How to scrape text between tags with BeautifulSoup?-CodePudding

I'm trying to extract text string from a tag, the text string I'm interested in is separated by a tag.

<div id="foo">
 <p>
  " Data 1 : Lorem"
  <br>
  <br>
  " Data 2 : Ipsum"
  <br>
 </p>
<div>

Desired output :

Lorem

Using bs4, I'm stuck at :

collection1 = soup.select('div#foo > p:-soup-contains("Data 1 : ")').replace("Data 1 : ","").text.strip()

I don't know how to preceed to set a delimiter for the double quotes or the   tag? Any idea on how to proceed to get the desired output ?

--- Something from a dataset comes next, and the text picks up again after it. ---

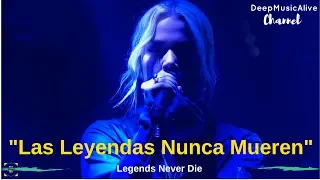 Legends Never Die | 【Alan Walker & Julie Bergan - Live 2018】Norwegian Grammy Awards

I'm trying to scrap the details information of this page. I've tried :

try:
   collection = soup.select('div#ui-accordion-1-panel-1 > div.tab-content-wrapper > p:-soup-contains("Collection")').text.strip()
except:
   collection = "" 
   print("No Collection")

Expecting to get the whole  tag but exception occured. I've been using this snippet on other scraps with Selenium and it did work.

CodePudding user response：

Here is one way of getting that data:

from bs4 import BeautifulSoup as bs

html = '''
<div id="foo">
 <p>
  " Data 1 : Lorem"
  <br>
  <br>
  " Data 2 : Ipsum"
  <br>
 </p>
<div>
'''

soup = bs(html, 'html.parser')
desired_data = soup.select_one('div[id="foo"] p').contents[0].split(':')[1].replace('"', '').strip()
print(desired_data)

Result:

Lorem

And here is one way (out of many others) to get the collection info from that page:

from bs4 import BeautifulSoup as bs
import requests

headers = {
    'User-Agent': 'Mozilla/5.0 (X11; Linux x86_64) AppleWebKit/537.36 (KHTML, like Gecko) Chrome/104.0.5112.79 Safari/537.36'
}

r = requests.get('https://www.messika.com/fr/bracelet-pm-diamant-or-rose-d-vibes-12350-pg', headers=headers)
soup = bs(r.text, 'html.parser')
info = [x for x in soup.select_one('div[] p:-soup-contains("Univers")').contents if 'Collection :' in x][0].split(':')[-1].strip()
print('Collection:', info)

Result:

Collection: D-Vibes

Relevant documentation: https://beautiful-soup-4.readthedocs.io/en/latest/

CodePudding user response：

There are not really " in the string and yes you could use replace(),strip(),... or use a dict that also provide all other features and let you pick from:

data = dict(f.split(' : ') for f in soup.select_one('.tab-content-wrapper > p').stripped_strings if ':' in f)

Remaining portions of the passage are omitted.